Since your question is about this inequality \begin{align*} \|fg\|_{\mathcal{F}L^{1}} \leq C \|f\|_{L^{2}} ~\|g\|_{\mathcal{F}L^{1}}~, \tag{1} \end{align*} the preconditions should be $f\in L^2$ and $g \in \mathcal{F}L^{1}$. However, using only these two preconditions could hardly lead to such a result. On the other hand, by adding some other conditions, we will find inequality $(1)$ is valid ( not always ). Next, I will prove the following statement:

Suppose $f\in L^2$, $g \in L^2 \bigcap \mathcal{F}L^{1}$ and $\widehat{fg}(x) = \mathcal{O}\left( |x|^{-3} \right)$, as $|x| \to \infty$. Then we have $fg \in \mathcal{F}L^{1}$ and either inequality $(1)$ is valid or $\|fg\|_{\mathcal{F}L^{1}} \leq C \|f\|^{\frac{1}{2}}_{L^{2}} ~\|g\|^{\frac{1}{2}}_{\mathcal{F}L^{1}}$.

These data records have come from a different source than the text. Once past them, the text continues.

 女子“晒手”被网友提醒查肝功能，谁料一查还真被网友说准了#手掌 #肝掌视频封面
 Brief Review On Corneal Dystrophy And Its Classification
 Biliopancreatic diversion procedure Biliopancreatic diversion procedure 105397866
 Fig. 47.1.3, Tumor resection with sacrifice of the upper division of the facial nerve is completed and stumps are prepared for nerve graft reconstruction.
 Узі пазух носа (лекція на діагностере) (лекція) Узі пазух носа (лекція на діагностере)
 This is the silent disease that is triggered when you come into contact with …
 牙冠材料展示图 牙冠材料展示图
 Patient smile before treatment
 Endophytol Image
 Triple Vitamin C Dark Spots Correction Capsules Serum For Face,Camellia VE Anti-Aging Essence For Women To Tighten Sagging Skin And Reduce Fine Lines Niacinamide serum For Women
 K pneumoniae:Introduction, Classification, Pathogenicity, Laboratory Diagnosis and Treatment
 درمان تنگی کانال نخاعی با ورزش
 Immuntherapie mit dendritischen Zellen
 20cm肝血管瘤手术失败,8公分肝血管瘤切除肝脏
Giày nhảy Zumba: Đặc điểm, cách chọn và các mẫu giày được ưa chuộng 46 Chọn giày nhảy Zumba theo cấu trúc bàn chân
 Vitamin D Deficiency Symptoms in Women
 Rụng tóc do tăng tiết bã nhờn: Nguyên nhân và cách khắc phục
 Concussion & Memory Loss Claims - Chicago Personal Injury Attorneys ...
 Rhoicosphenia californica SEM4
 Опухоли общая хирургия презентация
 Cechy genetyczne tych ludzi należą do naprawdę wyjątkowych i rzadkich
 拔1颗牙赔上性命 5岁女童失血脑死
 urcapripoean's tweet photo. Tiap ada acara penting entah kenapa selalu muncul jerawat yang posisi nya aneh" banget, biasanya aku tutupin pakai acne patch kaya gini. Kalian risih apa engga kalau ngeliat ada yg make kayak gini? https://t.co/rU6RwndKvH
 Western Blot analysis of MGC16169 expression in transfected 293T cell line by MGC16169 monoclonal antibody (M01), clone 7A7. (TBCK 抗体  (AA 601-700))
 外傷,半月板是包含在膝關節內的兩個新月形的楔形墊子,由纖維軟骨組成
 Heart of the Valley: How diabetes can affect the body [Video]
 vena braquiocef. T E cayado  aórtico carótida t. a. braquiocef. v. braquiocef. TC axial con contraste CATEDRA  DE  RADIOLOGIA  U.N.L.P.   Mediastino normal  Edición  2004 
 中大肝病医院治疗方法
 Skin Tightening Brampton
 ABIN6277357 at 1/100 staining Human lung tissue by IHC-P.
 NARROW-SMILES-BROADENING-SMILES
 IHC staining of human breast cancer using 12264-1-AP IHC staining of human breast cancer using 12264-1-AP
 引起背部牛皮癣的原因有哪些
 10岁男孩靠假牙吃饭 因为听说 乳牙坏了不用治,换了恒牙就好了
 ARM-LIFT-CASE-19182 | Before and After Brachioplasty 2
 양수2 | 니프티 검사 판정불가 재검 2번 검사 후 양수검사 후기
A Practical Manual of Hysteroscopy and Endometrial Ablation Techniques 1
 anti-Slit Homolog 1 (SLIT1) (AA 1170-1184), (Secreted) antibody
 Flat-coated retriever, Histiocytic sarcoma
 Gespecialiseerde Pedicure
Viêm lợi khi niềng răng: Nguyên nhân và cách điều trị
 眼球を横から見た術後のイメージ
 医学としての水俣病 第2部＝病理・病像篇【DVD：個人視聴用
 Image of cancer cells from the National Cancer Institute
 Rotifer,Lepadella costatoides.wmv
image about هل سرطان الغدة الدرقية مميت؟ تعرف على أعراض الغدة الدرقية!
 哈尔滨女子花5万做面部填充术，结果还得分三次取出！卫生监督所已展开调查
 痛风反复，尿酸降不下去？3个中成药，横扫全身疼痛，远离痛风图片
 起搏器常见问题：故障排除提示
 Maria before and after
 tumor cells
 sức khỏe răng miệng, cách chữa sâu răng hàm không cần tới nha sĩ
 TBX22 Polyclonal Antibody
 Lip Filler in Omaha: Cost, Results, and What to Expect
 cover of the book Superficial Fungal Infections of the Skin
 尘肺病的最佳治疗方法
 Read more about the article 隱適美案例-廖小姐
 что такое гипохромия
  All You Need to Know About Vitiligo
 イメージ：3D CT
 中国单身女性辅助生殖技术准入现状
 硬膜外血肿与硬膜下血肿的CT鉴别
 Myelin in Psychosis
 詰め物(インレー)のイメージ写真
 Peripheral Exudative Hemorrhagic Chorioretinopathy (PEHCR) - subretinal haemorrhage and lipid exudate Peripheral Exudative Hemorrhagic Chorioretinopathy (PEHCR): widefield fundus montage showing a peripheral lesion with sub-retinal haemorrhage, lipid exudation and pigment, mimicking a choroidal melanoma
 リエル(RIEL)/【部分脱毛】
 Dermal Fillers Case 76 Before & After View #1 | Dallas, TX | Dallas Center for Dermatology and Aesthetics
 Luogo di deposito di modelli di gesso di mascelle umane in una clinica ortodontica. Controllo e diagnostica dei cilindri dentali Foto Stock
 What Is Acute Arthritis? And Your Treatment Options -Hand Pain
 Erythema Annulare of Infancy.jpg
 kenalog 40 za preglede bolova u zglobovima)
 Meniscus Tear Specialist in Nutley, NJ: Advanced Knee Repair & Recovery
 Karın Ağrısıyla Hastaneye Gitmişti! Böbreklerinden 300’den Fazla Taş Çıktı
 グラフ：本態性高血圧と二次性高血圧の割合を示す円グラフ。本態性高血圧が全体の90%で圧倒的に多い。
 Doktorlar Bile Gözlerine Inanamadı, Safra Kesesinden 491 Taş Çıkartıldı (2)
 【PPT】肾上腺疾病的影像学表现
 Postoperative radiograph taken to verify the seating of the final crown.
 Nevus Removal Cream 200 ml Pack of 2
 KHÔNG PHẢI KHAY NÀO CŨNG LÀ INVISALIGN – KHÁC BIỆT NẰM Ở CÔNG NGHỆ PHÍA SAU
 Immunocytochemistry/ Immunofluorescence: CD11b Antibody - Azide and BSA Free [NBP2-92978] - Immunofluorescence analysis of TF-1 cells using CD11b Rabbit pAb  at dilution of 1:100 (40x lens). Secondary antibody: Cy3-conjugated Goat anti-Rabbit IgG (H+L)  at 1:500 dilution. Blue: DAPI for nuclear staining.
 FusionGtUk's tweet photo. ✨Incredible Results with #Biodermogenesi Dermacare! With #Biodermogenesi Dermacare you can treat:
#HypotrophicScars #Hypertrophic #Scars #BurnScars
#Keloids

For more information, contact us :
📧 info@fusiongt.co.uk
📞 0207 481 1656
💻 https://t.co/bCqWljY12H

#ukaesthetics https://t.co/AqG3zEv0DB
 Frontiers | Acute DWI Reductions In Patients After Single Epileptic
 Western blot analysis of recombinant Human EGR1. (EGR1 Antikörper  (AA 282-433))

Proof: Since $f,g \in L^2$, we have $\widehat{fg} = \hat{f} * \hat{g}$. Hence, $$\| \widehat{fg} \|_{L^2} = \| \hat{f} * \hat{g} \|_{L^2} \leq \| \hat{f} \|_{L^2} \| \hat{g} \|_{L^1} = \| f \|_{L^2} \| g \|_{\mathcal{F}L^{1}}~~.$$ To estimate $\| \widehat{fg} \|_{L^1}$, we have \begin{align*} \int_{\mathbb{R}} |\widehat{fg}|dx &\leq \left( \int_{\mathbb{R}} \frac{1}{1+x^2}dx \right)^{\frac{1}{2}} \left( \int_{\mathbb{R}} \left( 1 + x^2 \right) |\widehat{fg}(x)|^2 dx \right)^{\frac{1}{2}} \\ &\leq \sqrt{\pi} \left( \| \widehat{fg} \|_{L^2} + \| x \widehat{fg} \|_{L^2} \right). \tag{2} \end{align*} In order to estimate $\| x \widehat{fg} \|_{L^2}$, we do it piecewise. Since $\widehat{fg}(x) = \mathcal{O}\left( |x|^{-3} \right)$ as $|x| \to \infty$, there are constants $C_0>0$ and $x_0 >1$ such that $|x \widehat{fg}(x)| \leq \frac{C_0}{|x|^2}$ when $|x|>x_0$. Then we get \begin{align*} \int_{\mathbb{R}} |x \widehat{fg}(x)|^2 dx &= \int_{|x|<x_0} |x \widehat{fg}(x)|^2 dx + \int_{|x|\geq x_0} |x \widehat{fg}(x)|^2 dx \\ &\leq x^2_0 \int_{\mathbb{R}} |\widehat{fg}(x)|^2 dx + C_0 \int_{|x| \geq x_0} \frac{|\widehat{fg}(x)|}{|x|} dx \\ &\leq x^2_0 \int_{\mathbb{R}} |\widehat{fg}(x)|^2 dx + C_0 \left( \int_{|x|\geq x_0} \frac{1}{x^2} dx \right)^{\frac{1}{2}} \left( \int_{\mathbb{R}} |\widehat{fg}(x)|^2 dx \right)^{\frac{1}{2}} \\ &\leq C_1 H, \end{align*} where $H = \max \{ \| \widehat{fg} \|^2_{L^2}~, ~ \| \widehat{fg} \|_{L^2} \}$. Therefore, combining $(2)$ we have $$\| \widehat{fg} \|_{L^1} \leq CH^{\frac{1}{2}}.$$ This completes the proof. $~\square$

From this proof, we find that inequality $(1)$ is valid if $\| \widehat{fg} \|_{L^2} \geq 1$.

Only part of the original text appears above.